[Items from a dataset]

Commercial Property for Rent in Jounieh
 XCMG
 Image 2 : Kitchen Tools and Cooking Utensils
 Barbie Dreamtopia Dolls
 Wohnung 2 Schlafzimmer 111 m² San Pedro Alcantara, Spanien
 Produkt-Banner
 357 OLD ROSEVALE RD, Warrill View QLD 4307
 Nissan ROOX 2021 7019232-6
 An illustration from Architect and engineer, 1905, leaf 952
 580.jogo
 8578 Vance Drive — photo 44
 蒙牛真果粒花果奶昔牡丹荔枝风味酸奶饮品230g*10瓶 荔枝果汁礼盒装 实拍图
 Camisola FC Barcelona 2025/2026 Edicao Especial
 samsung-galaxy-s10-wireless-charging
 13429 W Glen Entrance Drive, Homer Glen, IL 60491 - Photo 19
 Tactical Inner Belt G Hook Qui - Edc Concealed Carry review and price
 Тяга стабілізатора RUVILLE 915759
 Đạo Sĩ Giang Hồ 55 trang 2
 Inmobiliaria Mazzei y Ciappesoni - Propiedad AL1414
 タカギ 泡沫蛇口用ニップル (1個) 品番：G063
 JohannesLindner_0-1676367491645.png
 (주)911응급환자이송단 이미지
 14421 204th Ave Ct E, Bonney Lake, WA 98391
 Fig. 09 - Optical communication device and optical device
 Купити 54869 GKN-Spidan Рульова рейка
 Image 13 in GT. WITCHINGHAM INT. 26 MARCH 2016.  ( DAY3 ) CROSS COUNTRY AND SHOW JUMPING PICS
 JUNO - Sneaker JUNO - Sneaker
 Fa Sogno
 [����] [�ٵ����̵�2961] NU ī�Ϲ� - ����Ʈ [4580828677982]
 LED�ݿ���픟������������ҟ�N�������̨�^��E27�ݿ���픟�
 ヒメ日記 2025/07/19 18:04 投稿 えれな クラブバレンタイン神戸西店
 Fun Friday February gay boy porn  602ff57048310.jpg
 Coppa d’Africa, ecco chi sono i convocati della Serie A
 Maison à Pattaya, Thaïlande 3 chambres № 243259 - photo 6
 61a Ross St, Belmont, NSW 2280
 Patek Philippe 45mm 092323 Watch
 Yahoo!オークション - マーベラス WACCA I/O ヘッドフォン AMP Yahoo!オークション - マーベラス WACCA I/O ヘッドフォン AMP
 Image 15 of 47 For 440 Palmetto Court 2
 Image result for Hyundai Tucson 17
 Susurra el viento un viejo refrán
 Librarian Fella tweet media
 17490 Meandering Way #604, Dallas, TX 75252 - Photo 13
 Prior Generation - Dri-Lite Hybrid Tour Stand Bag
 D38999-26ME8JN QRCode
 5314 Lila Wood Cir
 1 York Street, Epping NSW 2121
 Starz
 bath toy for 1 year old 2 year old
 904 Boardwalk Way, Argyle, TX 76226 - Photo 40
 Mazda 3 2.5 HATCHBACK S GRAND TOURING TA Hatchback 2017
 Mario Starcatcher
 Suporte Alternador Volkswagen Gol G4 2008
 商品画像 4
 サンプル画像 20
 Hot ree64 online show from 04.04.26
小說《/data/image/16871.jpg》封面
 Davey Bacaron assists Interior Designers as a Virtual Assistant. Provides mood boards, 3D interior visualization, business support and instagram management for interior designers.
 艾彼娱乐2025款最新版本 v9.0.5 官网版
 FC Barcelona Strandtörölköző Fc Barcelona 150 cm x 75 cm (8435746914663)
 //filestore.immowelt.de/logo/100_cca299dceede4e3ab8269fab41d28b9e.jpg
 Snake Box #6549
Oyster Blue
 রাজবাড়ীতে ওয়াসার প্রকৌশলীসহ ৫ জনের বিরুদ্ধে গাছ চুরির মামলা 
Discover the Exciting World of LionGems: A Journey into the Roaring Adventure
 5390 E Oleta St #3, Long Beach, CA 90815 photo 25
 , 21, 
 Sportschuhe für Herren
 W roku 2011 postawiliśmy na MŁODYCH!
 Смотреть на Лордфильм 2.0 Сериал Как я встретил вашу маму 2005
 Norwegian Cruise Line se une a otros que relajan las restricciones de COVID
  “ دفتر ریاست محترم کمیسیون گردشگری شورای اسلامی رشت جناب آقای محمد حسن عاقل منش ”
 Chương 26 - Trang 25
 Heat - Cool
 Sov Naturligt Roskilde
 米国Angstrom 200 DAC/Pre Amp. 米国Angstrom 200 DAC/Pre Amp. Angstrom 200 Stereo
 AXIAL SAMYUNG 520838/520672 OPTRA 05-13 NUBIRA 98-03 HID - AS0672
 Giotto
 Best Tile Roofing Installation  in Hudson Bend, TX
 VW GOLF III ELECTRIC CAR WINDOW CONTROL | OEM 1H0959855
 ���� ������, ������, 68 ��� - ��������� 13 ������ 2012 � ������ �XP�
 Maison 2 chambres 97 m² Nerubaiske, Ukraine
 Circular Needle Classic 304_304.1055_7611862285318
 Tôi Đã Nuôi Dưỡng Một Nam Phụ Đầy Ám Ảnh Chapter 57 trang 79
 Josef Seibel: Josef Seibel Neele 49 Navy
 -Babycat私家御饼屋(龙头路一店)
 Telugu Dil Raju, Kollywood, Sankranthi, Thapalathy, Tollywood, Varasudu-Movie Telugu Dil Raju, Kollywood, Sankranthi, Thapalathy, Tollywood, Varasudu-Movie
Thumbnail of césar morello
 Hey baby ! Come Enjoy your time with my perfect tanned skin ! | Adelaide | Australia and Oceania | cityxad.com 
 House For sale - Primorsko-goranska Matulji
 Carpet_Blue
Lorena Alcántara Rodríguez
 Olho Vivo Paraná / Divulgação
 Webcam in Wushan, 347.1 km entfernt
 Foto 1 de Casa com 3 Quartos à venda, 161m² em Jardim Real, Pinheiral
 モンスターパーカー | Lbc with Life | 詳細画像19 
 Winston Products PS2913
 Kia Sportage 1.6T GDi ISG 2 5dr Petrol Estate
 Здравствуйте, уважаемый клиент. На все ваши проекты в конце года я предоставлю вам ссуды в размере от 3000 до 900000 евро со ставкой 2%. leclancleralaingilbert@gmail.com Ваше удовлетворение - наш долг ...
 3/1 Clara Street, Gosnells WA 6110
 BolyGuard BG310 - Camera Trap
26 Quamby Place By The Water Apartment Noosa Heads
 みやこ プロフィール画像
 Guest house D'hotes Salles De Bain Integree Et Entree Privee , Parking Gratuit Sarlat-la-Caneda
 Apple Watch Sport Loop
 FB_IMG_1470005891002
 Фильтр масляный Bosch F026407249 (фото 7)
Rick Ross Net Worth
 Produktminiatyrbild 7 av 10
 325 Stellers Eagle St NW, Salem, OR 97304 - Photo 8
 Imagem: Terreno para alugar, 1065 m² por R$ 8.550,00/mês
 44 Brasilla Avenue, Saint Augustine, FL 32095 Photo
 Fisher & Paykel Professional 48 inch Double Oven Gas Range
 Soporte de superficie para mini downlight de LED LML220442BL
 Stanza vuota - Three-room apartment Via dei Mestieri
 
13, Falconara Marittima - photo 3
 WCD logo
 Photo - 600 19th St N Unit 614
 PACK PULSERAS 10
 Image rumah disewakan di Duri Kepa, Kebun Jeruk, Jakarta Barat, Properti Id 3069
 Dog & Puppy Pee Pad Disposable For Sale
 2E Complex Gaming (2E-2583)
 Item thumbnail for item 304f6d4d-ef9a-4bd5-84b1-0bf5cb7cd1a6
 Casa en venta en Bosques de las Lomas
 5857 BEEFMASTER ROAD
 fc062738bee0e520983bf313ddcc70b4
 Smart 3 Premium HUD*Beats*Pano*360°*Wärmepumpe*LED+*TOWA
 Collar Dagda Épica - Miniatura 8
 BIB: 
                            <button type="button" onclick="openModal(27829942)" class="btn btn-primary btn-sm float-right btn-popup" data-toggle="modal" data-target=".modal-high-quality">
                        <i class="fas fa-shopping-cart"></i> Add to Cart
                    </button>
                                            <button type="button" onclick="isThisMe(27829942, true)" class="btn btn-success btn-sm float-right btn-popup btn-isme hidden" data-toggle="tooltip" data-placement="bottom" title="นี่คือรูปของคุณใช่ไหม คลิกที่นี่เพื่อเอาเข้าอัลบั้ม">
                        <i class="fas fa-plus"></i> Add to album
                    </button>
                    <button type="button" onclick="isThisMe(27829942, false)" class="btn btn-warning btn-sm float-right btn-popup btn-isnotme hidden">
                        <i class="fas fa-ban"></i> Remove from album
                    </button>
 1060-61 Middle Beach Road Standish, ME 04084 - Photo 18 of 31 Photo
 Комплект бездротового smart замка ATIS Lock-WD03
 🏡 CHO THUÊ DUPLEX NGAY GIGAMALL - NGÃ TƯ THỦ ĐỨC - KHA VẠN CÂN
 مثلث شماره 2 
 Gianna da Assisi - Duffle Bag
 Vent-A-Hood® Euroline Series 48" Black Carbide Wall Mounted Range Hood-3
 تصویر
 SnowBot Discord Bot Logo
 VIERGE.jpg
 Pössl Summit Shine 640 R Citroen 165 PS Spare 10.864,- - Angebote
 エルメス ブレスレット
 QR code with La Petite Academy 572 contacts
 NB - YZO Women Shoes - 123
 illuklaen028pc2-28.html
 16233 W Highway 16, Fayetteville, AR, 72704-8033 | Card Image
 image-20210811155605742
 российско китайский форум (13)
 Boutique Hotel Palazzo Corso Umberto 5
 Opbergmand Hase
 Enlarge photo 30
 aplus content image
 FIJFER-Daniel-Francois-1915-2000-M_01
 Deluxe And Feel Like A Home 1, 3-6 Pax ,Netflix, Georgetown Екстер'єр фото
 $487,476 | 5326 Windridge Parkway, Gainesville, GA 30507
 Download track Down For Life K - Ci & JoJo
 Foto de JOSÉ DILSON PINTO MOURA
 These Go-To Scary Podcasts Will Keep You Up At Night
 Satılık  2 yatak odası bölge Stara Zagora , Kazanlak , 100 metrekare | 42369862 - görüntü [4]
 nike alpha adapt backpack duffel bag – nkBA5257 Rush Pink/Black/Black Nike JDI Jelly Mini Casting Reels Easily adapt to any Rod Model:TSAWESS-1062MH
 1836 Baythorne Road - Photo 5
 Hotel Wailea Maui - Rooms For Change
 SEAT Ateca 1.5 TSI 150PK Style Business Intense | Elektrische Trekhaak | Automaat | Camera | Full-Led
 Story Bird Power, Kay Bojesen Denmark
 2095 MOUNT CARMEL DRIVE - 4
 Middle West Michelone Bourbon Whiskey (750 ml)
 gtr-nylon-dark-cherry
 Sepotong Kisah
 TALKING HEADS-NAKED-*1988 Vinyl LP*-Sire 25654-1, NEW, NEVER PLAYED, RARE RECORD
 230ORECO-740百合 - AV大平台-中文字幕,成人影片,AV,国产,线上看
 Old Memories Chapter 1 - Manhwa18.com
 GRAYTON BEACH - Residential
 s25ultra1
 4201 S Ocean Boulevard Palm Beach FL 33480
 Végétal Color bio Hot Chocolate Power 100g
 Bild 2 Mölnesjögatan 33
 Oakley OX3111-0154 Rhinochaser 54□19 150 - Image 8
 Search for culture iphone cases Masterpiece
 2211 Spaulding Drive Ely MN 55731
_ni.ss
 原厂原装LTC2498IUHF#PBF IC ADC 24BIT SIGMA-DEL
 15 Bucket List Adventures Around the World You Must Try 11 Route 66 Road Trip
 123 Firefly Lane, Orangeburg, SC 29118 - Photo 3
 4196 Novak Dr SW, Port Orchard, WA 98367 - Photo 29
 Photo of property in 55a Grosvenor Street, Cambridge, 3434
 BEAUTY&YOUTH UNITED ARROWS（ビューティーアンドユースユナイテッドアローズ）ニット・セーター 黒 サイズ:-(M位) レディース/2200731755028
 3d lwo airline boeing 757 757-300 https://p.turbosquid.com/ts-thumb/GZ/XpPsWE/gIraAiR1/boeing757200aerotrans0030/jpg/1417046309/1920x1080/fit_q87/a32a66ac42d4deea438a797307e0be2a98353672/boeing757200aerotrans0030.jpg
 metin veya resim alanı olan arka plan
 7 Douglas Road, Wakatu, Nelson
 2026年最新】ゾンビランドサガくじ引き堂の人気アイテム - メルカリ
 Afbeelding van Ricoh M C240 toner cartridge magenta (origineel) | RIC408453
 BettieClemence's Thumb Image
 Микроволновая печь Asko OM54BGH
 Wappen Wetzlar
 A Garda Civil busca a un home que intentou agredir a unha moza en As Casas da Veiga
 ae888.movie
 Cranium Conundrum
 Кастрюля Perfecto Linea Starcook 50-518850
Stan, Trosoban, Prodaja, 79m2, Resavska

What is expected
Please find, in the entries above, every line where "Hotel" occurs, and copy it.

Output for this task
 Boutique Hotel Palazzo Corso Umberto 5
 Hotel Wailea Maui - Rooms For Change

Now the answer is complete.